Temperature effects on behaviour – habitat, hydration and humidity
During 2024, the team continued long-running research building information across taxa on how birds respond behaviourally to the heat and the likely consequences for fitness. To date, HBRP work on this theme has encompassed 11 study species in arid, mesic, montane and urban environments of southern Africa and Australia. In 2024, Dr Shannon Conradie wrapped up her post-doctoral fieldwork on White-browed Sparrow-weavers Plocepasser mahali at Murray Guest Farm in the Kalahari. Shannon’s work focused on the relationships between air temperature and sparrow-weaver behaviour, body mass maintenance and hydration status. Shannon will use these data to validate state-dependent and biophysical models for this species, and to add to the growing comparative dataset.
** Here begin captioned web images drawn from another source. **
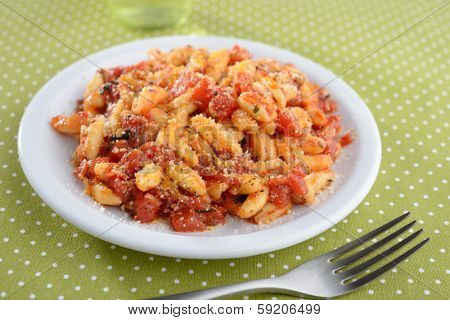 Capunti with Parmesan cheese and tomato sauce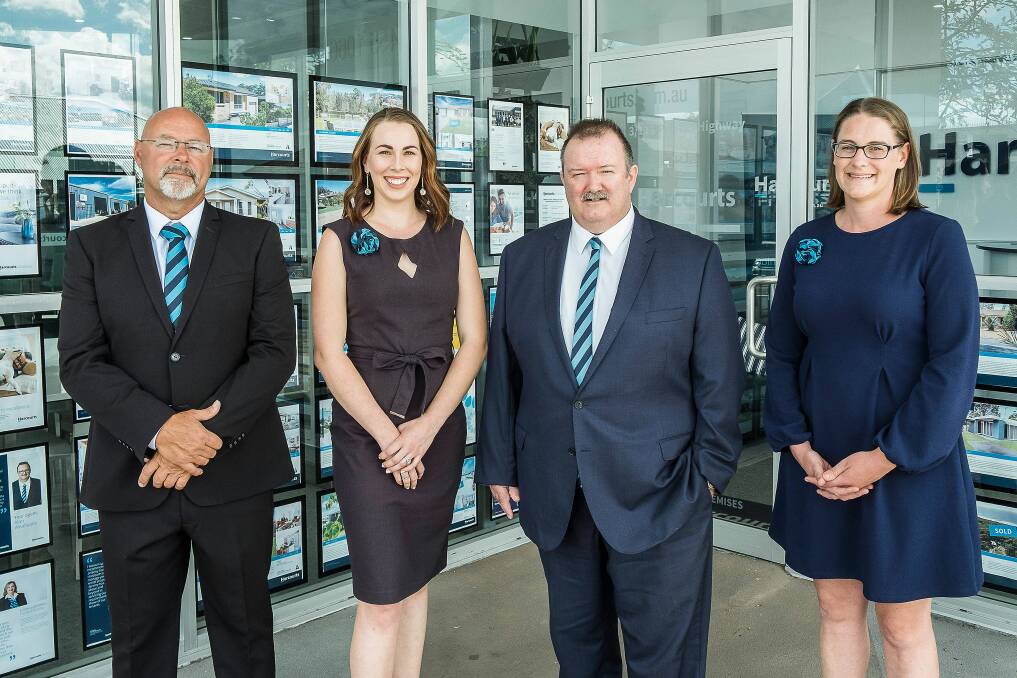 Alan Wealleans - third from left with his Harcourts Ulladulla team.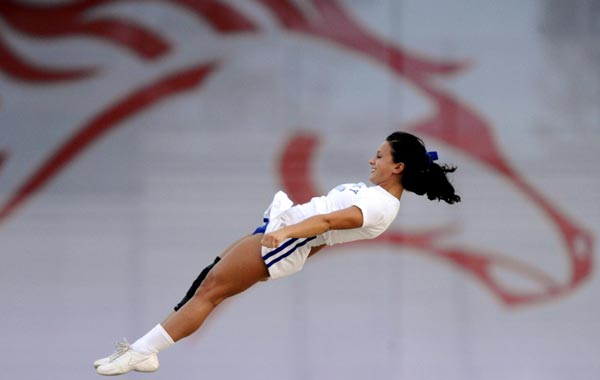 A Kentucky University cheerleader is tossed into the air during the Opening Ceremony for the World Equestrian Games in Lexington, Kentucky, USA. (EPA)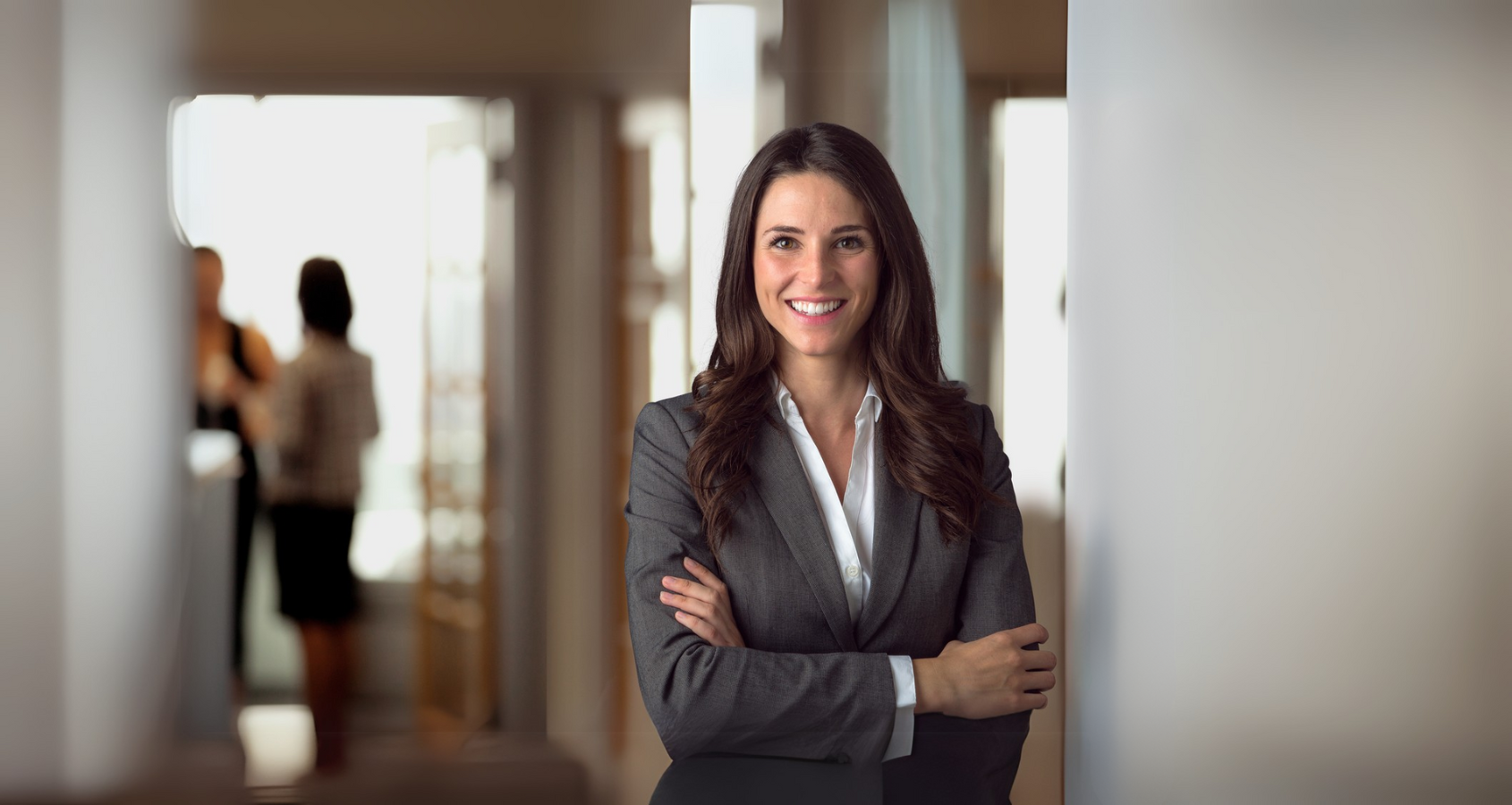 a person in a suit standing with her arms crossed
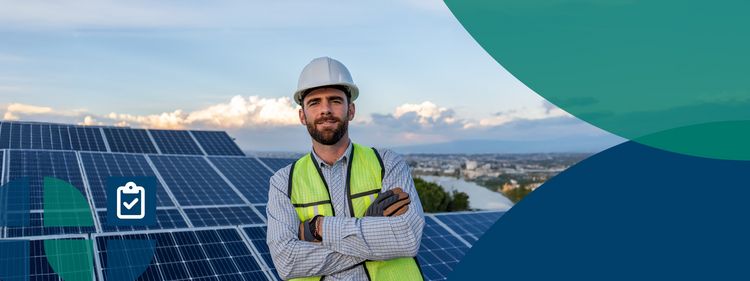 Ein Mann in Warnweste steht mit verschränkten Armen vor Solaranlagen auf einem Dach.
Several other projects under this theme were also completed in 2024. Susie Cunningham and collaborator David Diez-Mendez from the Museo Nacional de Ciencias Naturales in Spain finally published work they carried out together in 2018 on incubation behaviour of Southern Fiscals Lanius collaris at Tswalu Kalahari, showing that the birds engage in egg shading behaviour during the heat of the day, buffering nest temperature from hot extremes. They also showed that nest temperature loggers are not an appropriate method for monitoring patterns of incubation in subtropical birds, because in hot environments nest temperature does not predictably drop during parental absences. The paper is published in the Journal of Arid Environments. James Short submitted his MSc thesis on behavioural responses of Karoo Chats Emarginata schlegelii to extremes of heat and cold in the Tankwa Karoo. James’ second chapter compared physiological heat tolerances of Large-billed Larks Galerida magnirostris from the Tankwa Karoo to those of other bird species in arid environments. James was awarded his degree with Distinction.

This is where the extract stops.